┌────────
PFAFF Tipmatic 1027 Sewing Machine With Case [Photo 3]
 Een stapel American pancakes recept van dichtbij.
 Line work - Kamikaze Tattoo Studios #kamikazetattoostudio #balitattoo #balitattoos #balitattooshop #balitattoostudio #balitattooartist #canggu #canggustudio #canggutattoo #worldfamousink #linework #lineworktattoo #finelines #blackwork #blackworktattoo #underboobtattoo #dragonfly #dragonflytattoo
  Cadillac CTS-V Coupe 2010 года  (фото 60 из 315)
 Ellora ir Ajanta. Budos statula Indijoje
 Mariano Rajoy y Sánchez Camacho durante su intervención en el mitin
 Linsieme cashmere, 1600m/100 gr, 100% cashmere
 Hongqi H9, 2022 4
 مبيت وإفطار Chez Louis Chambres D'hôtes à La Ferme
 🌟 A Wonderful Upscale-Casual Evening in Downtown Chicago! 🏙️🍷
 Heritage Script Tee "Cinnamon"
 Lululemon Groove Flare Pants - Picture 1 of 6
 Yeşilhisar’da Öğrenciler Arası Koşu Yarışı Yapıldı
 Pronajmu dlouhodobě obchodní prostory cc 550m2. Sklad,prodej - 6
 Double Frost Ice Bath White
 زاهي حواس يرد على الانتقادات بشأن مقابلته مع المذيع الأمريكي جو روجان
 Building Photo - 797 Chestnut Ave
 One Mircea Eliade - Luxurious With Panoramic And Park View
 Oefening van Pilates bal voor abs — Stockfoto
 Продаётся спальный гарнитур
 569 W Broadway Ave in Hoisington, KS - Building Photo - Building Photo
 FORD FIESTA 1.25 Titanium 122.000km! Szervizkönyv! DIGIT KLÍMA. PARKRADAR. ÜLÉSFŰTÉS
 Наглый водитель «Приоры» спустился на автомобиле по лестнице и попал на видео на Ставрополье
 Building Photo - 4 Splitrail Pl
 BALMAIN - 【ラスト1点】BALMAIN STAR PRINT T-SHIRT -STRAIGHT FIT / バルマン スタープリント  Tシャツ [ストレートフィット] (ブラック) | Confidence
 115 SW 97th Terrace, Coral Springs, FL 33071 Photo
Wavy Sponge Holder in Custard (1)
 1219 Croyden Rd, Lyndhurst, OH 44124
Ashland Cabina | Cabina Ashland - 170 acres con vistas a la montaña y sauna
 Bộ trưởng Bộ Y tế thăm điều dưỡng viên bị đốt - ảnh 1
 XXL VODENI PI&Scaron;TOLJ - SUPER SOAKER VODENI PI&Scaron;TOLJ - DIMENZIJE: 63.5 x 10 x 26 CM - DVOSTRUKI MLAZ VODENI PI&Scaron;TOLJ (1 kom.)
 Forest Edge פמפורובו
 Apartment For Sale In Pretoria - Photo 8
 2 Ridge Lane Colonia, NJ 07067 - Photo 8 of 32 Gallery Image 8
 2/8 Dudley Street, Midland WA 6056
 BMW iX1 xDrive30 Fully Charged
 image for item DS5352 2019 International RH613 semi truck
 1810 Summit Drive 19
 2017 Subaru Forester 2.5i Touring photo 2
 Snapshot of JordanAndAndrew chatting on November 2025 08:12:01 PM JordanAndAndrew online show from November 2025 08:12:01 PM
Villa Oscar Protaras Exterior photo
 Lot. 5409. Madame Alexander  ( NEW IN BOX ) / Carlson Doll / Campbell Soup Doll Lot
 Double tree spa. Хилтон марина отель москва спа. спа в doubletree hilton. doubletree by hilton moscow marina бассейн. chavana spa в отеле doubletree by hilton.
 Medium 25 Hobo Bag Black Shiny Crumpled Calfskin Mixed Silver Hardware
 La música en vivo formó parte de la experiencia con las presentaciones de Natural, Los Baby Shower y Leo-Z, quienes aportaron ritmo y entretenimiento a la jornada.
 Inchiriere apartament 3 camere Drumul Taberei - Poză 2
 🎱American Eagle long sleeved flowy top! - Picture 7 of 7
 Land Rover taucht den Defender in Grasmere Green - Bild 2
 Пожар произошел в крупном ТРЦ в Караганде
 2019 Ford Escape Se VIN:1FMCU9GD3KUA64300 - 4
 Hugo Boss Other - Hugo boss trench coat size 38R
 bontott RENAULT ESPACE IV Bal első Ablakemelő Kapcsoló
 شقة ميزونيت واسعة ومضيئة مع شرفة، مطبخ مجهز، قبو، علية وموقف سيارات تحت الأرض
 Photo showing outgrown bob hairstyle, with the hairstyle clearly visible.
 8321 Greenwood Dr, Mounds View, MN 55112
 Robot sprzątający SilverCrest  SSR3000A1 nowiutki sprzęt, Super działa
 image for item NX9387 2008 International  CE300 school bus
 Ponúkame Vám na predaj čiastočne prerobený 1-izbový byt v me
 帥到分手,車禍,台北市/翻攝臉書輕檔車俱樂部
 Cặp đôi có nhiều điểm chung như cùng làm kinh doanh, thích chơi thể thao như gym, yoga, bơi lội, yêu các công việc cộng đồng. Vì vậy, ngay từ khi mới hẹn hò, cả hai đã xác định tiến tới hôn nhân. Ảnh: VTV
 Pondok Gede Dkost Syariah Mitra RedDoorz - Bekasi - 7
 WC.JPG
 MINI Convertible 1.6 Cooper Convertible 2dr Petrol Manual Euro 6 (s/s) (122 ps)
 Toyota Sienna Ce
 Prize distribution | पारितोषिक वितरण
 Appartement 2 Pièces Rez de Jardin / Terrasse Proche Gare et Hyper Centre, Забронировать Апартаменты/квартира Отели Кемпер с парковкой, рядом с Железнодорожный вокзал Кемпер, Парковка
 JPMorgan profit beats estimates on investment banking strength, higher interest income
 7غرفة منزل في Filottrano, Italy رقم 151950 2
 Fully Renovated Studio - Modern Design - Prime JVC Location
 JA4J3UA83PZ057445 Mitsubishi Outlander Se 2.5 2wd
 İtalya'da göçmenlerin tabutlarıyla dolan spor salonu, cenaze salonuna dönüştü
└────────
◆ TASK DESCRIPTION
Please work out how many lines in the material contain the word "View" and state only that number.

◆ TASK RESPONSE
2